Information supplied ->
-------
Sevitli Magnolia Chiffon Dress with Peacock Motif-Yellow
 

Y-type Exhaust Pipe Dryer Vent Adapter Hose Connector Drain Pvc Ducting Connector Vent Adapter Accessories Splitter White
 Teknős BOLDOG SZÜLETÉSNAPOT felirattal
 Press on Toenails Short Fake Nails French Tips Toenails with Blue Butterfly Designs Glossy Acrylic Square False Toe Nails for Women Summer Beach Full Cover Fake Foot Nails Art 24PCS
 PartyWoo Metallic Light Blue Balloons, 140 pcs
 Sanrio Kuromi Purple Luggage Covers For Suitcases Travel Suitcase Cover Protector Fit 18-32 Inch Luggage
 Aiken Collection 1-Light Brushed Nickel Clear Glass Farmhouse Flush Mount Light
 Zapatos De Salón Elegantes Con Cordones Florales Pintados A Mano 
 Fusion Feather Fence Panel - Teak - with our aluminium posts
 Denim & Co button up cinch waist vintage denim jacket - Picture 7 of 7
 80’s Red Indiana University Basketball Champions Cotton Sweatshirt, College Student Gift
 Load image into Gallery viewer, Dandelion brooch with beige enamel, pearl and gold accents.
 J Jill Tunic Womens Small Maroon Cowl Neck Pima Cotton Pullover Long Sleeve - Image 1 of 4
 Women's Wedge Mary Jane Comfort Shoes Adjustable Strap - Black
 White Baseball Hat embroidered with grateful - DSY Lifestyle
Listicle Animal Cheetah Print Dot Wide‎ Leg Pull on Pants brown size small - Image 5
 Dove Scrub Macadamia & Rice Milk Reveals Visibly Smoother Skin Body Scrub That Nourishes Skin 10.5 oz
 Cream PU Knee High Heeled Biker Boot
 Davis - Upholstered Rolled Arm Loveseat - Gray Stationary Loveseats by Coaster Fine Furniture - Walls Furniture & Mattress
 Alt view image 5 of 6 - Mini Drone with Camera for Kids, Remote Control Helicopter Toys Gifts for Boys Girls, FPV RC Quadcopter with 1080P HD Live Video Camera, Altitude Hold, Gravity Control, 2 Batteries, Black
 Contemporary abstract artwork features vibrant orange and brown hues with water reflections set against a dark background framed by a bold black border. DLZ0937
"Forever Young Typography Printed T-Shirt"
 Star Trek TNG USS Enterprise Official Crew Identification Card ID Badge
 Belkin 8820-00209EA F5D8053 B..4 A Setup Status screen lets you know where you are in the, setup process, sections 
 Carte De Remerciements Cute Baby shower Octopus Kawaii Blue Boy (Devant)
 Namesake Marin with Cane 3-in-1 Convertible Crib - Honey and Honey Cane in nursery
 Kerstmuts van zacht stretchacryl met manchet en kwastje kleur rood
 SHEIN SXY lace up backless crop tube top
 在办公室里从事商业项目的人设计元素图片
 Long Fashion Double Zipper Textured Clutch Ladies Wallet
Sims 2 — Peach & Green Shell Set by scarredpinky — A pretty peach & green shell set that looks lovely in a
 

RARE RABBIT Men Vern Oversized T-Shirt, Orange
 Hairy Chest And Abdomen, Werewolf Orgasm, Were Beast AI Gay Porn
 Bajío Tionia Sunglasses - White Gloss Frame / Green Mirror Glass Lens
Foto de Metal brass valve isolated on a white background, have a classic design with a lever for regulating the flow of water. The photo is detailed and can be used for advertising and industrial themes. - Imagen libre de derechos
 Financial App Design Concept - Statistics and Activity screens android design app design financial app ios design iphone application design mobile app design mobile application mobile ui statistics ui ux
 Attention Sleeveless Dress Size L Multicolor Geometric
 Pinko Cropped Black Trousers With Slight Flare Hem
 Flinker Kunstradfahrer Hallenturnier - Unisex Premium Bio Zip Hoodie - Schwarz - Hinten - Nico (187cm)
-------
Required work -> Exactly as they stand, repeat all the records.

Response to this exercise ->
Sevitli Magnolia Chiffon Dress with Peacock Motif-Yellow
 

Y-type Exhaust Pipe Dryer Vent Adapter Hose Connector Drain Pvc Ducting Connector Vent Adapter Accessories Splitter White
 Teknős BOLDOG SZÜLETÉSNAPOT felirattal
 Press on Toenails Short Fake Nails French Tips Toenails with Blue Butterfly Designs Glossy Acrylic Square False Toe Nails for Women Summer Beach Full Cover Fake Foot Nails Art 24PCS
 PartyWoo Metallic Light Blue Balloons, 140 pcs
 Sanrio Kuromi Purple Luggage Covers For Suitcases Travel Suitcase Cover Protector Fit 18-32 Inch Luggage
 Aiken Collection 1-Light Brushed Nickel Clear Glass Farmhouse Flush Mount Light
 Zapatos De Salón Elegantes Con Cordones Florales Pintados A Mano 
 Fusion Feather Fence Panel - Teak - with our aluminium posts
 Denim & Co button up cinch waist vintage denim jacket - Picture 7 of 7
 80’s Red Indiana University Basketball Champions Cotton Sweatshirt, College Student Gift
 Load image into Gallery viewer, Dandelion brooch with beige enamel, pearl and gold accents.
 J Jill Tunic Womens Small Maroon Cowl Neck Pima Cotton Pullover Long Sleeve - Image 1 of 4
 Women's Wedge Mary Jane Comfort Shoes Adjustable Strap - Black
 White Baseball Hat embroidered with grateful - DSY Lifestyle
Listicle Animal Cheetah Print Dot Wide‎ Leg Pull on Pants brown size small - Image 5
 Dove Scrub Macadamia & Rice Milk Reveals Visibly Smoother Skin Body Scrub That Nourishes Skin 10.5 oz
 Cream PU Knee High Heeled Biker Boot
 Davis - Upholstered Rolled Arm Loveseat - Gray Stationary Loveseats by Coaster Fine Furniture - Walls Furniture & Mattress
 Alt view image 5 of 6 - Mini Drone with Camera for Kids, Remote Control Helicopter Toys Gifts for Boys Girls, FPV RC Quadcopter with 1080P HD Live Video Camera, Altitude Hold, Gravity Control, 2 Batteries, Black
 Contemporary abstract artwork features vibrant orange and brown hues with water reflections set against a dark background framed by a bold black border. DLZ0937
"Forever Young Typography Printed T-Shirt"
 Star Trek TNG USS Enterprise Official Crew Identification Card ID Badge
 Belkin 8820-00209EA F5D8053 B..4 A Setup Status screen lets you know where you are in the, setup process, sections 
 Carte De Remerciements Cute Baby shower Octopus Kawaii Blue Boy (Devant)
 Namesake Marin with Cane 3-in-1 Convertible Crib - Honey and Honey Cane in nursery
 Kerstmuts van zacht stretchacryl met manchet en kwastje kleur rood
 SHEIN SXY lace up backless crop tube top
 在办公室里从事商业项目的人设计元素图片
 Long Fashion Double Zipper Textured Clutch Ladies Wallet
Sims 2 — Peach & Green Shell Set by scarredpinky — A pretty peach & green shell set that looks lovely in a
 

RARE RABBIT Men Vern Oversized T-Shirt, Orange
 Hairy Chest And Abdomen, Werewolf Orgasm, Were Beast AI Gay Porn
 Bajío Tionia Sunglasses - White Gloss Frame / Green Mirror Glass Lens
Foto de Metal brass valve isolated on a white background, have a classic design with a lever for regulating the flow of water. The photo is detailed and can be used for advertising and industrial themes. - Imagen libre de derechos
 Financial App Design Concept - Statistics and Activity screens android design app design financial app ios design iphone application design mobile app design mobile application mobile ui statistics ui ux
 Attention Sleeveless Dress Size L Multicolor Geometric
 Pinko Cropped Black Trousers With Slight Flare Hem
 Flinker Kunstradfahrer Hallenturnier - Unisex Premium Bio Zip Hoodie - Schwarz - Hinten - Nico (187cm)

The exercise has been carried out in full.